Four models of translational research reviewed in the manuscript are displayed to highlight their overlap and opportunities for translational and reverse translational research. The Institute of Medicine1 classifies research in two halves: Type 1 Translational Research (T1TR) which focuses on basic research to clinical efficacy, and Type 2 Translational Research (T2TR) emphasizes clinical efficacy, dissemination, implementation, and impact (Lam et al., 2013). The continuum of translational research2 includes four phases beginning with the identification of targets to candidate health application (T1) and ending with the evaluation of real-world health outcomes in the population (T4) (Khoury et al., 2007). The Science of Behavior Change proposed intervention pipeline3 highlights the identification of intervention targets, the development of appropriate assays, and the optimization of trial designs to measure target engagement (Nielsen et al., 2018). Finally, the Phases of Drug Development represents the pathway from drug discovery and pre-clinical animal research through translation to patient populations and safety monitoring of approved medications (Litten et al., 2012).

Phases of preclinical research are colored in dark gray, phases which overlap preclinical and clinical research, termed translation, are colored in a gradient from dark to light gray, and clinical research phases are colored in light gray.

The scientific panel at the meeting also discussed recent advances in health care as plausible models for translational research. Beyond informing the translational research process, this discussion focused on the “end result” of impacting health care, and mental disorders in particular.
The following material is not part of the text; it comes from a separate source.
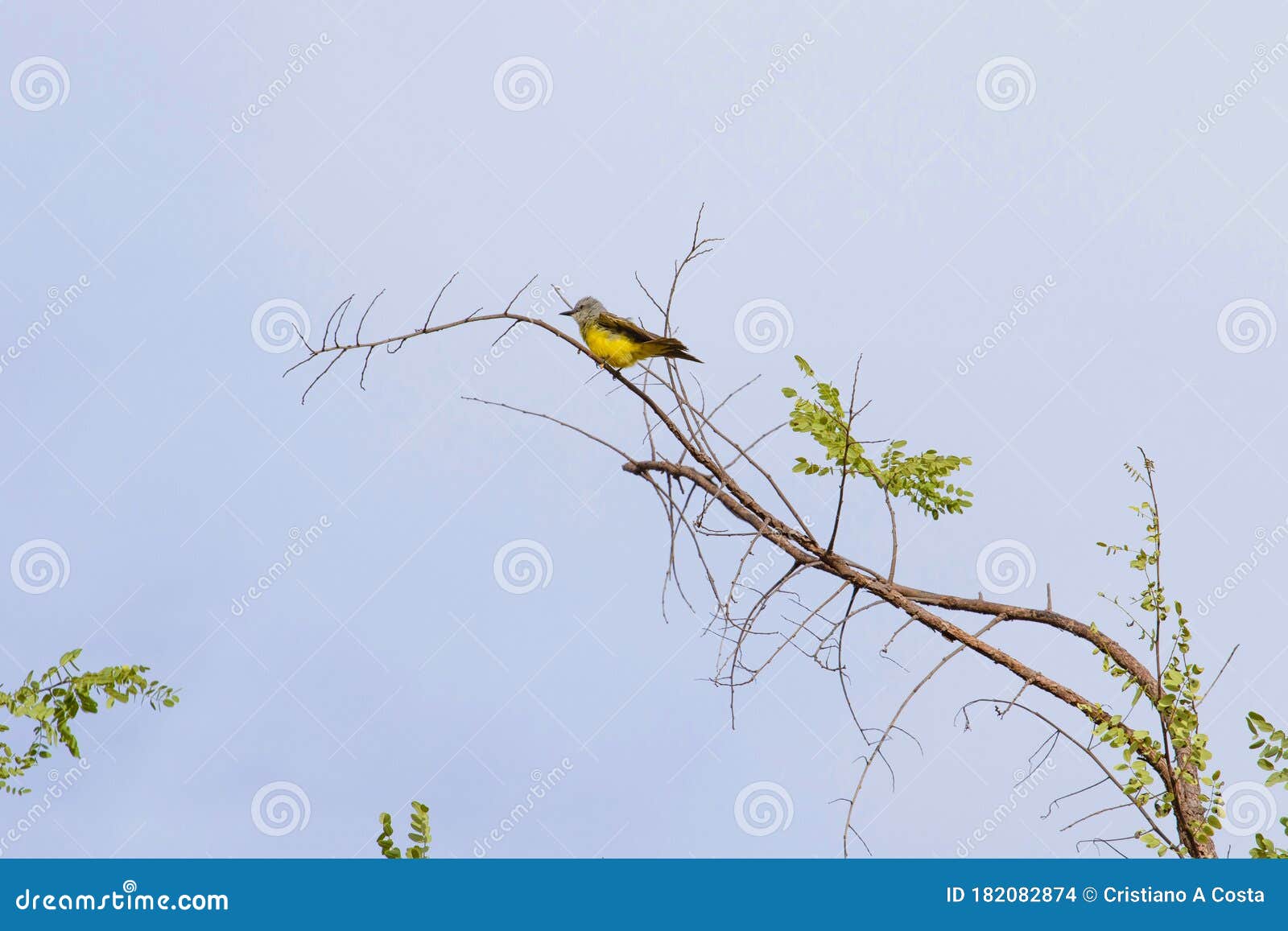 yellow bird on tree branch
Two examples were discussed as exemplifying changes in the landscape of health care. First, as smoking cessation treatments were developed, stakeholders remained alert to the negative health consequences of cigarette smoking, and therefore, treatments had quick uptake by providers. Treatment guidelines for smoking cessation are firmly in place 81 and are regularly updated as new evidence on treatment efficacy from clinical research evolves 82. Furthermore, the transition from prescription to over-the-counter (OTC) use of nicotine replacement therapy (NRT) provides a unique example of balancing risks with public health benefits. Results of a literature review suggest that OTC NRT has been used safely and effectively with continued physician engagement, increasing access to an evidence-based treatment 83.
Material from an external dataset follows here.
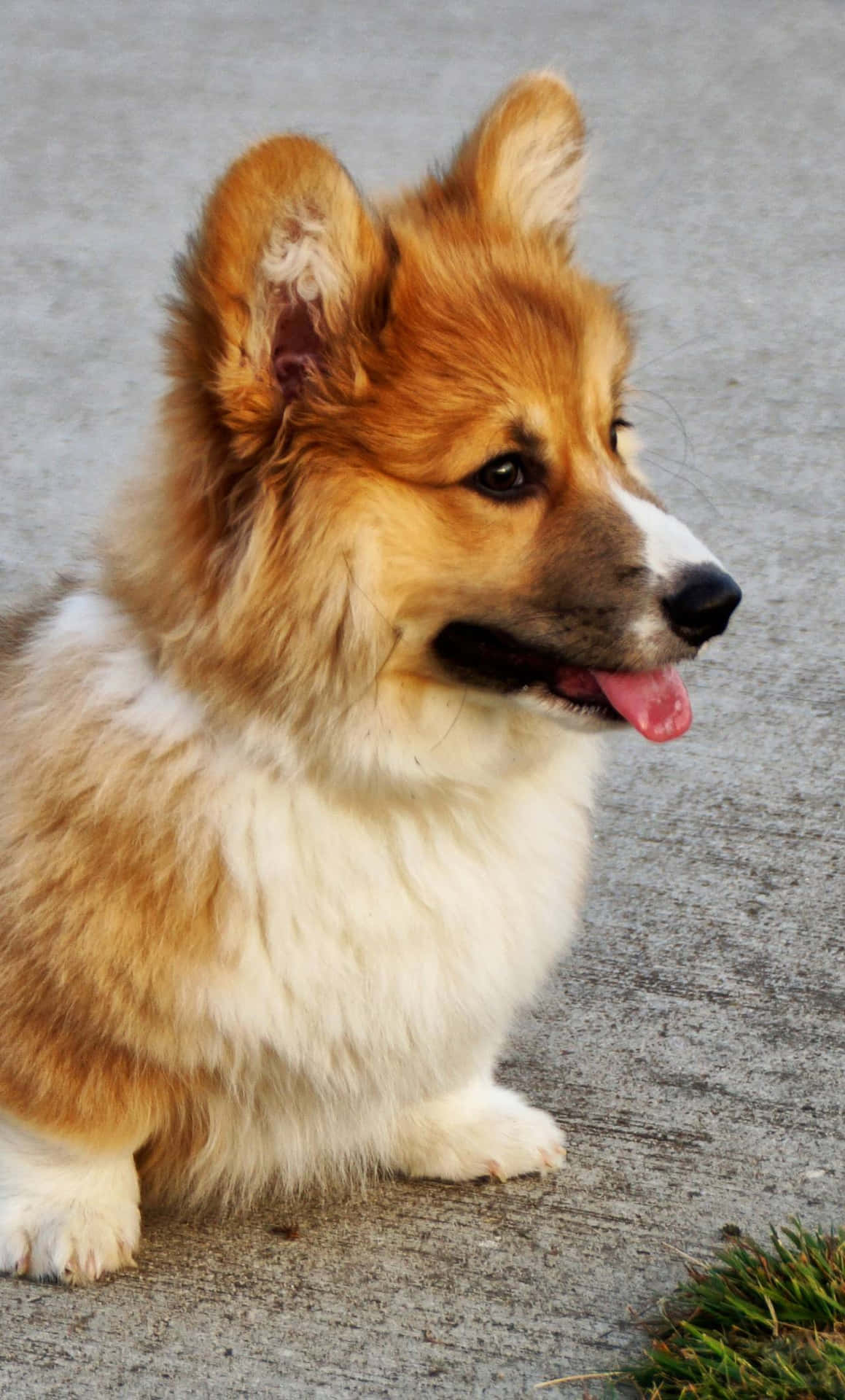 Corgi  A sweet pup with its tongue hanging out!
The treatment of depression follows a similar pattern of change over time with advances in pharmacological treatment becoming increasingly accessible to patients. There was a documented expansion in the treatment of depression with antidepressants in the U.S. from 1996 to 2005, jumping from 5.84% to 10.12% rate of antidepressant treatment 84, highlighting the acceptance of pharmacological treatment for depression within the United States. It is notable that primary care physicians often prescribe these medications for nicotine dependence and depression, further highlighting the successful integration of these treatments in the primary care setting, where individuals are much more likely to seek and receive treatment than within specialty care clinics where addiction is most routinely treated. While the examples of smoking cessation and antidepressant medication treatment are notable in health care, there are unique features to AUD that must be considered. Nevertheless, a mature field of study must move towards firm guidelines, dissemination, and accessibility of care with recurrent updates in guidelines and clinical practices that are informed by the science. For this to become a reality, addiction treatment must become a part of mainstream healthcare. The current landscape of addiction treatment is such that the majority of treatments are delivered outside of medical settings, unlike treatment of nicotine dependence and depression. The American Psychiatric Association offers clinical guidelines for pharmacotherapy for AUD 85; however a more expansive set of guidelines are required for treatment that include evidence-based psychosocial treatments. The discussion of these examples served to engage the authors in a discussion of a long-term vision for the field of AUD.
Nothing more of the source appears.